The exhibition ends with works made just months before the artist’s death, from lung cancer in 1992. The powerful paintings clearly show Mitchell still exploring new ideas on massive canvases despite her illness.

“Mitchell knowns she’s not in great health, and she knows her time is limited, and she’s really fully herself,” Siegel said.

Joan Mitchell, Sunflowers (1990–91). Photo by Brian Buckley; collection of John Cheim; ©estate of Joan Mitchell.
Joan Mitchell, Sunflowers (1990–91). Photo by Brian Buckley; collection of John Cheim; ©estate of Joan Mitchell.
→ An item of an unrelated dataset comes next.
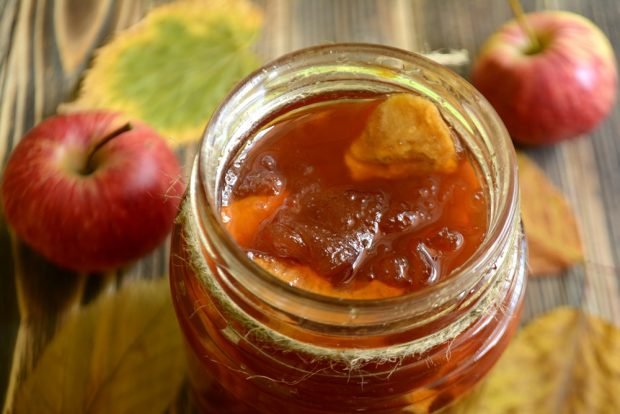 Apple jam with gelatin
“She keeps trying new things and pushing herself, and you see that right to the end,” Roberts added.

In the early stages of planning, the curators hoped to include as many as 125 pieces, including a large selection of Mitchell’s works on paper. In the end, the scope proved somewhat narrower.

“We couldn’t do everything,” Siegel said. “We hope that this overview is definitive when it comes to the big picture of Mitchell, but there’s so much more to do.”